The Last Samurai begins in 1876 as Captain Nathan Algren (Tom Cruise), haunted by his part in the massacre of Native American women and children, is hired by the Japanese government to train their troops in modern warfare by a young emperor (Shichinosuke Nakamura) in love with modernity. The hastily-assembled conscript army woefully unprepared for battle, an abject defeat at the hands of rogue samurai Katsumoto (a commanding performance by Ken Watanabe) leads to Algren's capture and imprisonment in Katsumoto's village, in the home of Taka (Kiyoshi Kurosawa favourite Koyuki), the widow of a man Algren has killed in battle. There's talk of cherry blossoms and a dream of a tiger in a forest.
Small wonder that The Last Samurai reminds of Lawrence of Arabia, since the plot involves a disgraced military officer sent to contact an alien force (that has just raided a railroad) whom he comes to see as noble even as he views himself as their salvation--although Algren ultimately functions not like T.E. Lawrence, but another of Peter O'Toole's roles: Reginald Johnston, tutor to The Last Emperor. Filmed on an epic scale, if The Last Samurai looks like Braveheart, small wonder again as cinematographer John Toll shot both films. And if the idea of a Civil War-era white officer going to battle beside an all-brown army smacks of Glory, well, Zwick also directed Glory. Meanwhile, The Last Samurai lifts the nursing-from-injury/courtship/surrogate father cycle whole from Peter Weir's Witness (an accidental voyeur moment nearly shot-for-shot), marking the piece as over-familiar even as the realization that we are in this film only about 60 years before the Japanese begin their massacre of the Chinese at the onset of WWII provides the piece a sort of ambivalence that compels as the one thing truly its own. Yet over it all lays the equivocation that if The Last Samurai is a film we've seen about a dozen times before, we've at least liked every incarnation to some degree.

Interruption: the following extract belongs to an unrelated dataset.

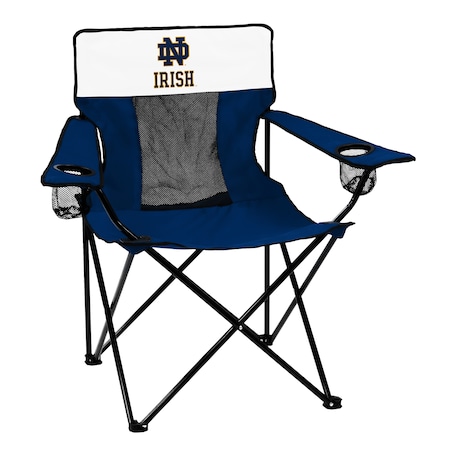 Logo Brands Notre Dame Navy/White Elite Chair 190-12E-1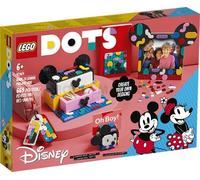 LEGO 41964 Dots | Disney Mickey y Minnie Mouse: Caja de Proyectos de Vuelta al Cole, Juguete, 6en1, Manualidades para Niños y Niñas, Ideas Reyes Personalizados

Much too long in the fashion of films with awards ambitions, The Last Samurai is handsome, a couple of action sequences are mounted with passion and discretion, and its aspirations toward the poetic in its Japanaphilia are charming for their sincerity. Dances with Wolves another obvious touchstone, the picture depicts Cruise as lovably earnest in the Kevin Costner mold, another limited actor limited to a certain kind of role, but one who seems genuinely interested and invested in his projects. As such, and like Cruise's Minority Report, The Last Samurai is a film of endearing ambition ultimately hamstrung by its need for a hollow, conventional conclusion (that cribs from The Road Warrior, of all things) and a toothy, matinee idol hero, even involved as Cruise seems to be lately in self-mortification and uglification. As macho melodramas go, the film earns points for quoting the fifth century BC Battle of Thermopylae, but loses footing in its elevation of Algren as some Bushido progeny, visualizing a battle with a whispered "no mind" while the phantom of the real deal, Zhang Yimou's astonishingly Zen Hero, lurks in the wings.

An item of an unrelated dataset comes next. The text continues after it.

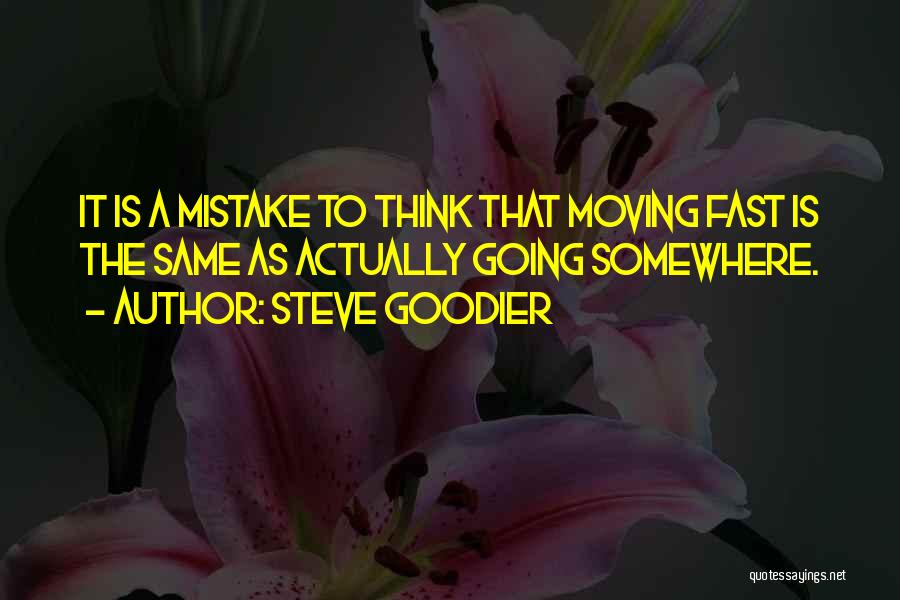 Moving Fast Quotes By Steve Goodier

On a much smaller scale, Carion's The Girl from Paris concerns the travails of a young computer teacher Sandrine (Mathilde Seigner) as she goes back to agricultural school to prepare for life as a goat farmer and bed & breakfast proprietor. Yearning for a return to a more natural way of life, one that she's never actually experienced (making her nostalgia a curious product of embedded memory in the modern age), Sandrine agrees to buy crusty Adrien's (Michel Serrault) farm, even with Adrien attached for a season as his retirement home is vacated by a temporarily homeless relative. Initially offended by the city mouse's new-fangled ideas, Adrien, after suffering a health scare on a train (!), resolves to pass on his knowledge to Sandrine, a representation of a life lost with the death of his wife and his stillborn daughter.

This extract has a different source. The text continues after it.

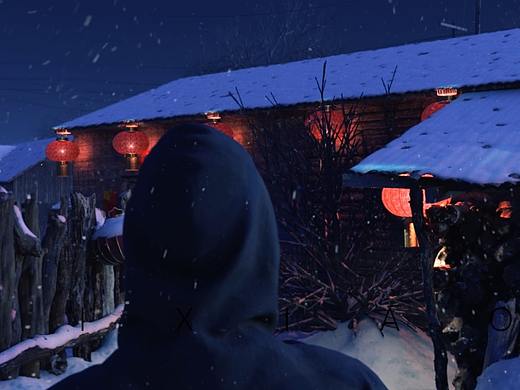 雪夜（個人主頁-ZNDcxNzIxNzY=） - 場景 - 站酷設計師lxzm原創(chuàng)素材 - 站酷ZCOOL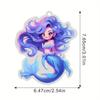 Charming Unique Acrylic Mermaid Car Pendant For Vibrant Decor Interior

The Girl from Paris is unusually frank in its depiction of the harsher realities of a rural, subsistence existence. After initial late-summer successes with tours of school children, vacationing hikers, and selling cheese over the Internet ("to Germans" old Gallic Adrien marvels), Sandrine is confronted with the harshness of winter in the French alps, with the difficulties of breeding healthy goat kids, and the reality that a false step in a blizzard could result in a lonesome death. The slaughter of animals for food is depicted with actual footage of livestock in the act of being processed, the juxtaposition of Sandrine's idealization of the Natural with the cold realities of the modern, industrial farm. The picture, in fact, is ultimately less about the troubles that a young woman has in undertaking a difficult challenge (and indeed Sandrine is one of the strongest women characters in film this year) than it is about an old man who understands at the end of his life the importance of the role that he plays in validating others' nostalgia for a romanticized vision of the tragic dreariness of his day-to-day.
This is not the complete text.